### Note
* Instructions have been included for each segment. You do not have to follow them exactly, but they are included to help you think through the steps.

In [24]:
%config Completer.use_jedi = False

# Dependencies and Setup
import pandas as pd

# File to Load (Remember to Change These)
school_data_to_load = "Resources/schools_complete.csv"
student_data_to_load = "Resources/students_complete.csv"

# Read School and Student Data File and store into Pandas DataFrames
school_data = pd.read_csv(school_data_to_load)
student_data = pd.read_csv(student_data_to_load)

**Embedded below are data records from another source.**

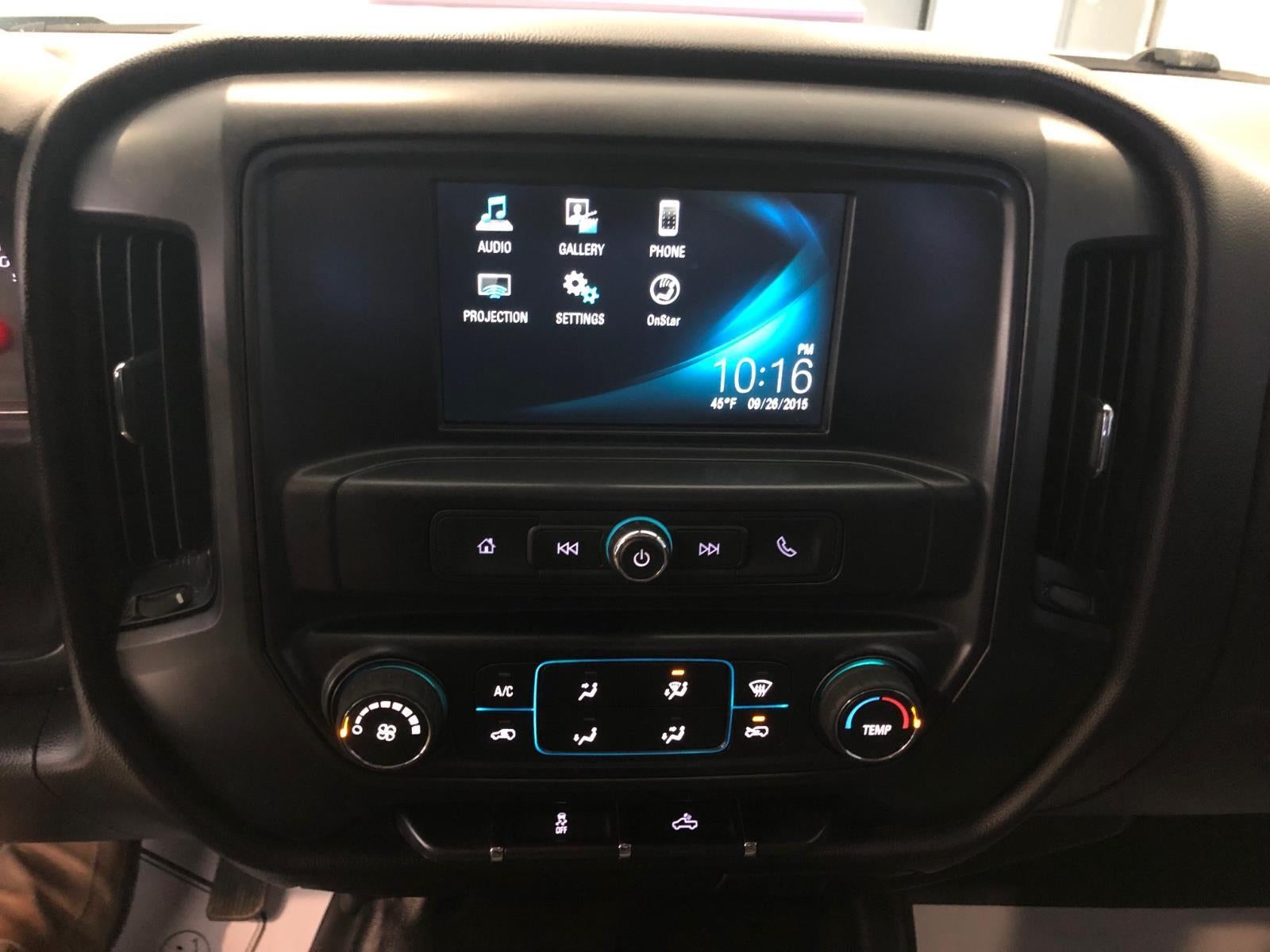 2016 Chevrolet Silverado 1500 Work Truck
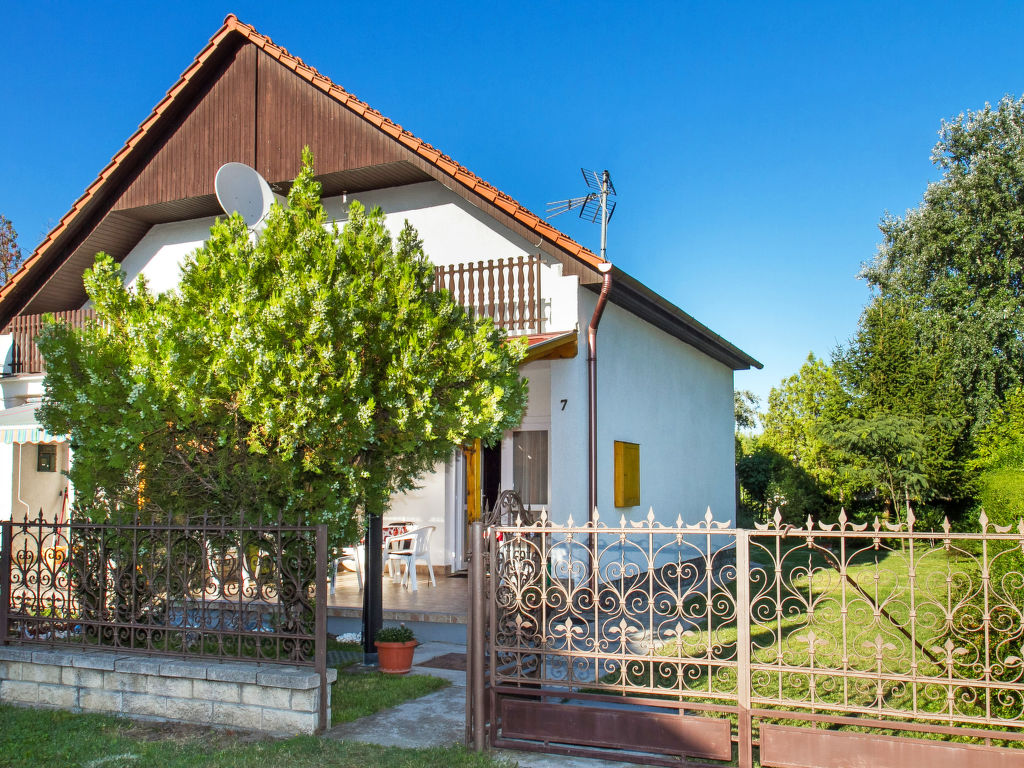 Ferienhaus Gerle Ferienhaus am Balaton Plattensee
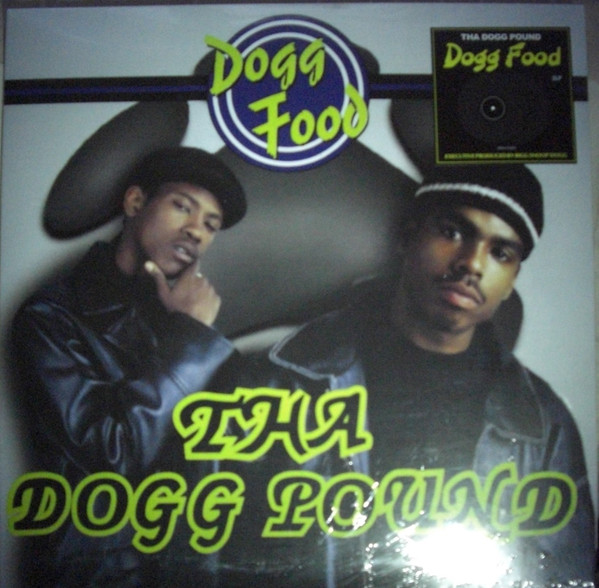 Tha Dogg Pound - Dogg Food | Death Row Records (DRR-LP-63404) - main Tha Dogg Pound - Dogg Food | Death Row Records (DRR-LP-63404) - main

# Combine the data into a single dataset.  
school_data_complete = pd.merge(student_data, school_data, how="left", on=["school_name", "school_name"])
school_data_complete.head()

Unnamed: 0,Student ID,student_name,gender,grade,school_name,reading_score,math_score,School ID,type,size,budget
0,0,Paul Bradley,M,9th,Huang High School,66,79,0,District,2917,1910635
1,1,Victor Smith,M,12th,Huang High School,94,61,0,District,2917,1910635
2,2,Kevin Rodriguez,M,12th,Huang High School,90,60,0,District,2917,1910635
3,3,Dr. Richard Scott,M,12th,Huang High School,67,58,0,District,2917,1910635
4,4,Bonnie Ray,F,9th,Huang High School,97,84,0,District,2917,1910635


## District Summary

* Calculate the total number of schools

* Calculate the total number of students

* Calculate the total budget

* Calculate the average math score 

* Calculate the average reading score

* Calculate the percentage of students with a passing math score (70 or greater)

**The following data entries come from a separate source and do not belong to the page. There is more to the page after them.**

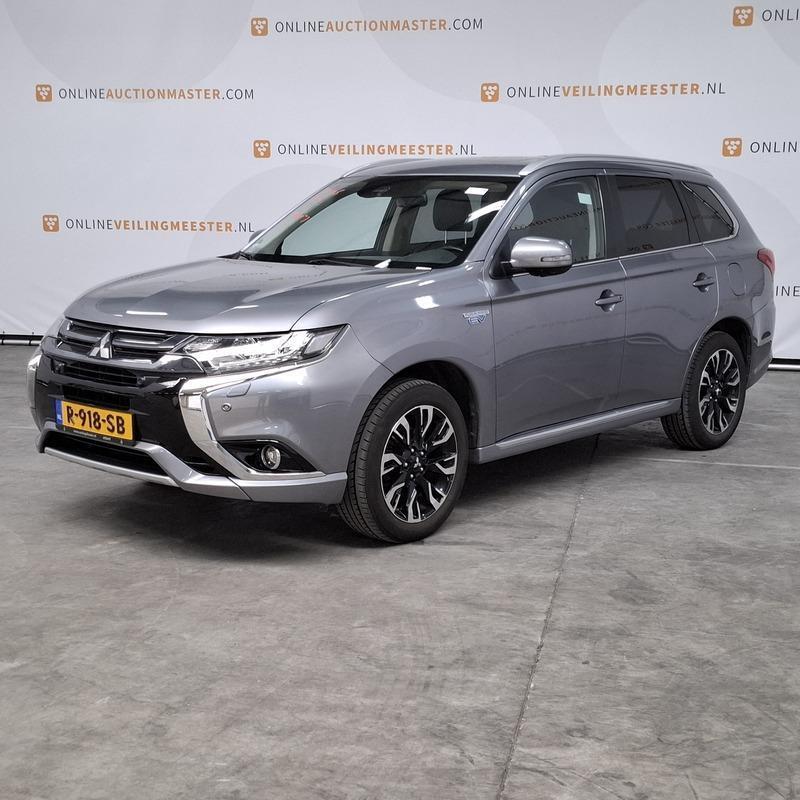Personenauto, Mitsubishi, Outlander, 2.0 PHEV Pure, 2017, 1998 cc, Outlander, Euro 6, 4 cilinders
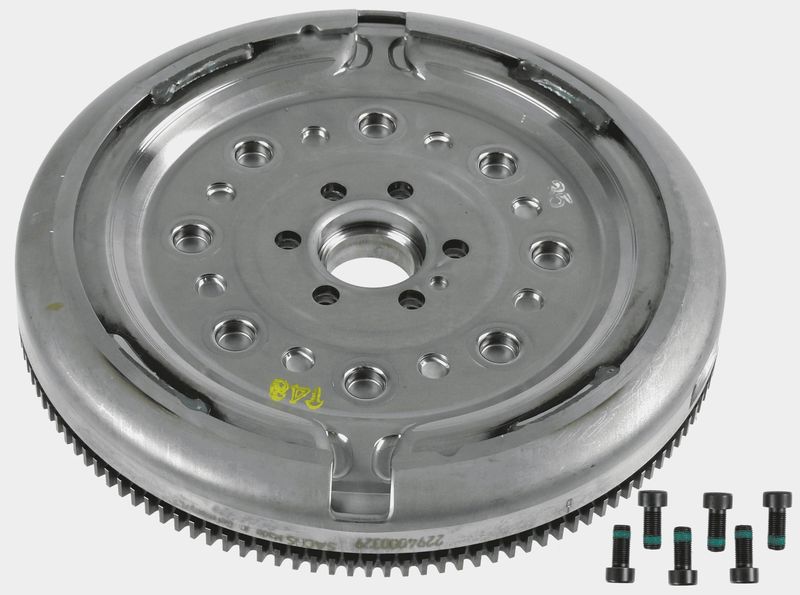 Sachs 2294000329 Flywheel - 2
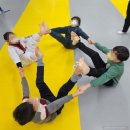 경희대 태권도장 이미지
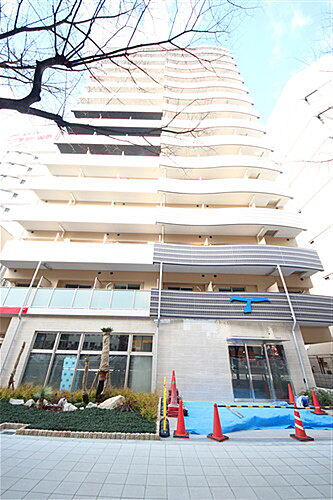 大阪府大阪市浪速区幸町２丁目 賃貸マンション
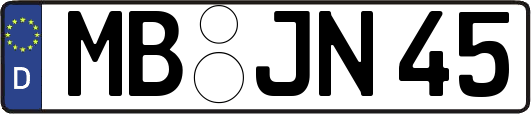MB-JN45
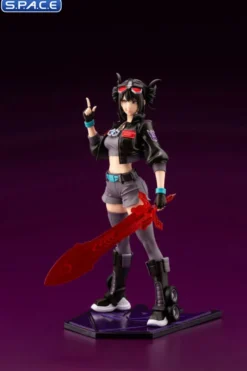 1/7 Scale Nemesis Prime Bishoujo PVC Statue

* Calculate the percentage of students with a passing reading score (70 or greater)

* Calculate the percentage of students who passed math **and** reading (% Overall Passing)

* Create a dataframe to hold the above results

* Optional: give the displayed data cleaner formatting

In [25]:
#Create a list of all unique schools and find length of list to calculate total number of schools
schools_unique=school_data_complete["school_name"].unique()
total_schools=len(schools_unique)
#total_schools

#create an array of each school size and calculate the sum for student count
school_sizes=school_data_complete["size"].unique()
student_count=(school_sizes).sum()
#student_count

#create an array of each school's budget and calculate the sum
school_budgets=school_data_complete["budget"].unique()
total_budget=(school_budgets).sum()
#total_budget

#average math score
average_math_score=school_data_complete["math_score"].mean()
#average_math_score

#average reading score
average_reading_score=school_data_complete["reading_score"].mean()
#average_reading_score

#percentage of students with passing math score (70 or above)
math_passing_number=school_data_complete.loc[school_data_complete["math_score"]>=70, "student_name"].count()
percentage_passing_math=(math_passing_number/student_count)*100
#percentage_passing_math

#percentage of students with passing reading score (70 or above)
reading_passing_number=school_data_complete.loc[school_data_complete["reading_score"]>=70, "student_name"].count()
percentage_passing_reading=(reading_passing_number/student_count)*100
#percentage_passing_reading

#percentage of students with passing math and reading score (70 or above)
math_reading_passing_number=school_data_complete.loc[(school_data_complete["math_score"]>=70) &
                                                  (school_data_complete["reading_score"]>=70), "student_name"].count()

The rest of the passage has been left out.